Before February 1997, our family could have been compared to a deep river: on the surface the river appeared calm, but the undercurrents were continually raging.
When any problem arose, I tended to blame my wife. I believed she was the cause of our problems, so I rationalized doing anything I wanted, including looking for a new partner. I didn’t feel my wife had the right to complain about my behavior because I provided for the financial needs of our family.
One day in February, there was a knock on our door in Tacloban, Leyte, Philippines. When I looked out the window I saw two strangers—young women wearing name tags. I recognized them as Latter-day Saint missionaries. Looking for an opportunity to debate, I had them enter. When I asked them to sit down, I was ready for battle. I was determined they would leave disappointed, so I presented a false front. I pretended to be attentive so I would be prepared to deliver my arguments most effectively. But when it was my turn to speak, I found there was nothing to argue about.
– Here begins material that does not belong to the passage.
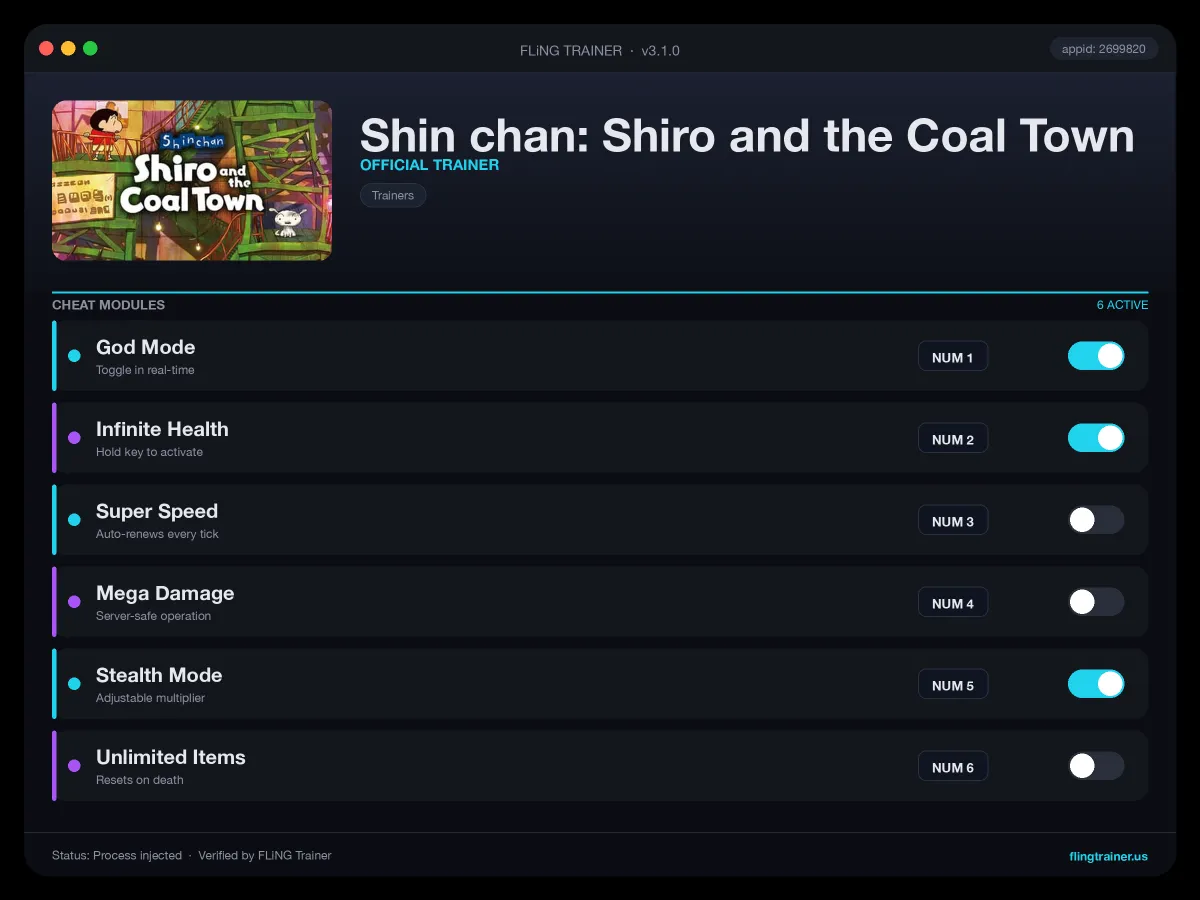 Shin chan: Shiro and the Coal Town Trainer interface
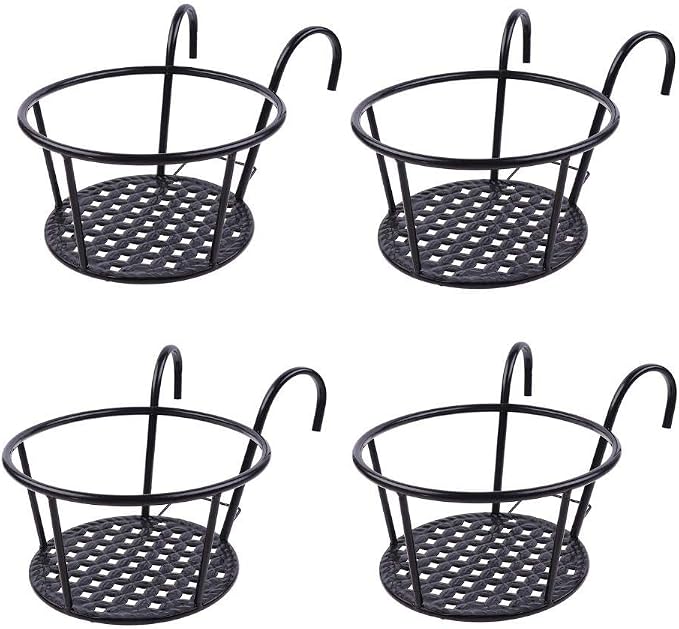 Hanging Railing Planters Baskets Art Hanging Flower Stands Balcony Flower Pot by WWahuayuan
I could only agree with what the sisters had said.
The sisters wanted to set up another meeting, and I agreed. When they left, the peace I had enjoyed disappeared, and soon my negative feelings started to return. I dreaded the prospect of meeting with the missionaries. But I kept the appointment, and, with each succeeding visit, I rediscovered values and truths I had discarded in my vain pursuit of success. Each time they left our home, the peace I felt would last longer, and soon I found myself looking forward to their visits.
The missionaries’ teachings, the scriptures, and the reading material they left behind were microscopes with which I began to examine the minute details of my life. I found that I had been scrutinizing only half of my marriage—my wife’s half—and I had chosen to see only the bad in it. With the new opportunity to view my life in the light of Jesus Christ’s teachings, I began to see more clearly the other half of my marriage—my half—and found it in even worse condition.
The proclamation on the family states, “Happiness in family life is most likely to be achieved when founded upon the teachings of the Lord Jesus Christ” (Liahona, October 1998, 24). I rejoice and thank the Lord for giving me the chance to repent. I also thank Him for these sisters who willingly became His instruments so that through our accepting the gospel and living its teachings my family might become like a lake—calm and peaceful throughout, not just on the surface.
Consider the following questions and suggestions to help apply this article in family home evening, in a lesson at church, or in your personal life:
Would you feel comfortable having Jesus Christ observe your family’s interactions? What can you do differently?
What principles of the gospel could help improve your relationships with family members and others? Choose one to work on this week.
Read the proclamation on the family in family home evening and discuss ways to strengthen your relationships. (See “The Family: A Proclamation to the World,” Liahona, October 1998, 24.)